Lo cierto es que el tiempo transcurre y poco a poco van partiendo nuestros maestros y maestras de la vida, personas que supieron dejar una huella en nuestra alma y en nuestra mente, aquellas/os que nos legaron una guía, una brújula, un faro, un oráculo, hechos con palabras, vivencias, recuerdos y música; y así ayudaron a dar algún sentido al acontecer de los/as que aún permanecemos en los laberintos de este valle de lágrimas.
Lloré el fallecimiento de mi profesor Carlos Quiroga Blanco, el primer profesor que tuve en la carrera de sociología. Si bien yo venía enamorada de las ciencias sociales desde temprana adolescencia gracias a mi padre antropólogo y su enorme biblioteca, puedo decir que el profesor Quiroga afianzó mi enamoramiento por la sociología a través de su exquisita comprensión de las teorías sociológicas y de su manera amena y dulce de enseñarlas. Nos enseñó a ser “maestros de la sospecha” (Ricoeur) a la usanza de Nietzsche, Freud, Marx, a admitir que las ciencias sociales no consiguen alimentarse de seguridades y están llenas de poética incertidumbre, por tanto, vadeamos entre el subjetivo arte y la objetiva ciencia. ¿Así, cómo no enamorarse de las ciencias sociales?
Otra defunción que lamento estos días también está relacionada a la universidad y particularmente a la UMSS, se trata de la señora Elena Pacara Janco una de nuestras afables y comprensivas caseritas de kioskos que nos alimentaban con esmero, escuchaban sueños y tertulias de juventud, eran testigos del descubrimiento asombroso e insomne en cada lectura y cada tarea. Extraña la sensación de haberla frecuentado en mis épocas de estudiante para, años después, seguir pisando esos senderos como docente y sin que nunca faltara una palabra amable de ese noble ser. Y con los tropiezos de la vida, uno se da cuenta de lo importante (y raro) que puede ser un gesto amable del prójimo.

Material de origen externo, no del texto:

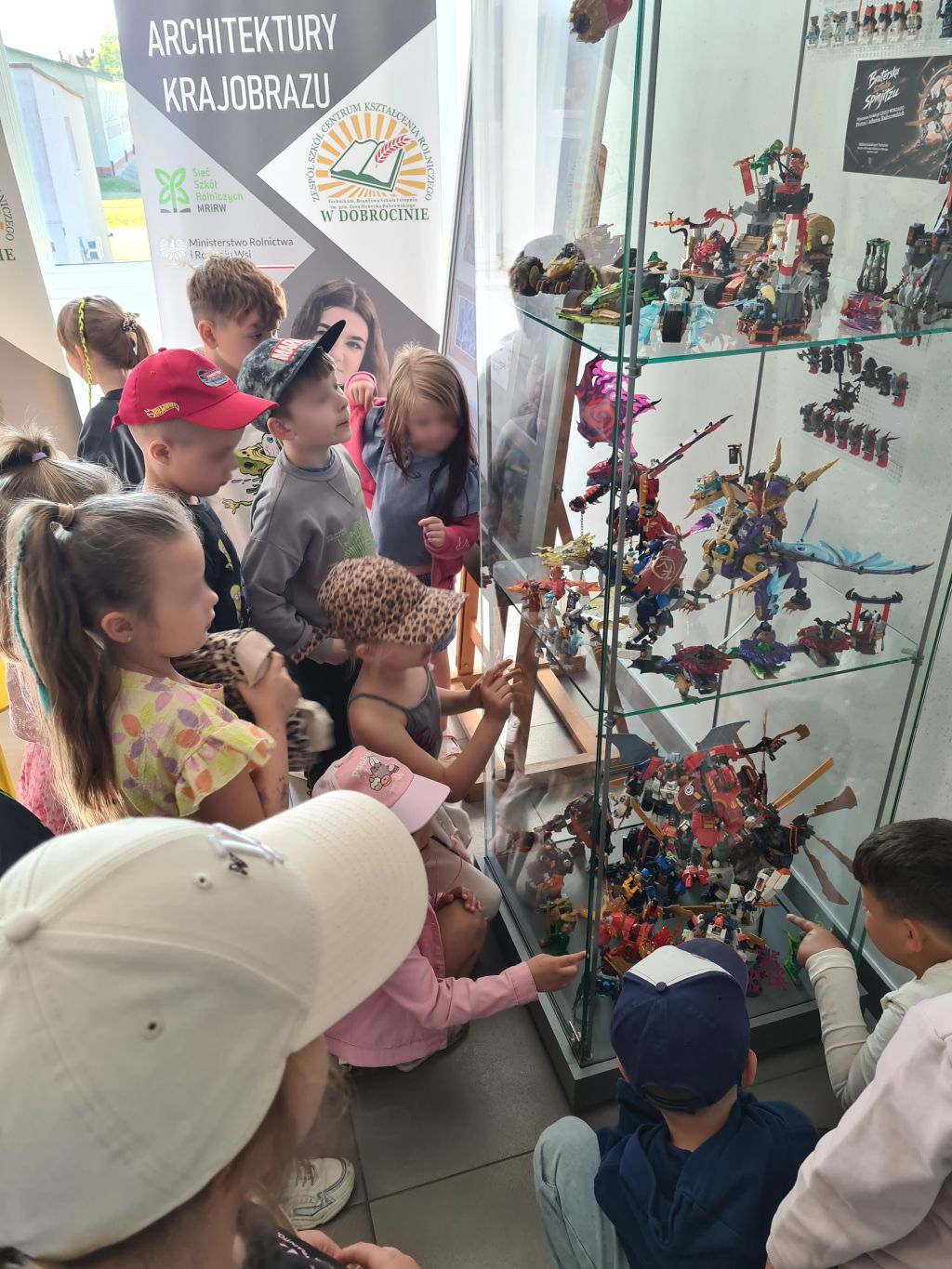 Przedszkolaki oglądają wystawę klocków LEGO Ninjago w gablocie lokalnych pasjonatów.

Finalmente, ayer me enteré de la muerte de Astrud Gilberto, una de mis voces arrulladoras de la música popular brasileña (MPB) y de la bossa nova. Astrud entró a la música perdidamente enamorada, estaba casada con João Gilberto, uno de los precursores de la MPB. En una sesión con su esposo, Tom Jobin y Stan Getz, se descubrió su voz ideal para el jazz y la bossa nova, esta última no es otra cosa que la MPB maravillosamente fusionada con jazz. Justamente, el disco que sale de ese encuentro es uno de los más representativos de la bossa nova que por esos días lanzaba sus acordes al mundo.

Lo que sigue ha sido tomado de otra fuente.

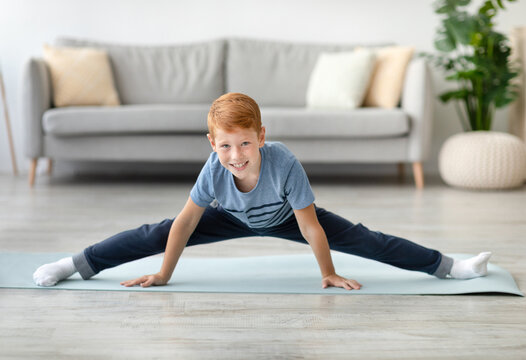 A sporty ginger boy performs a leg-split on a fitness mat in his living room. This adorable preteen is stretching and training his body in a cozy home setting perfect for exercise.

Si bien la voz de terciopelo de Astrud Gilberto es especialmente famosa por su interpretación de Garota de Ipanema, yo la evoco con una versión de Canto de Ossanha, una de las profundas poesías de Vinicius de Moraes y Baden Powell y cuya letra parece retratar mi nostalgia evocadora de maestras y maestros a propósito de este recién pasado 6 de junio:
“Que eu não sou ninguém de ir em conversa de esquecer / A tristeza de um amor que passou / Não, eu só vou se for pra ver uma estrela aparecer / Na manhã de um novo amor”.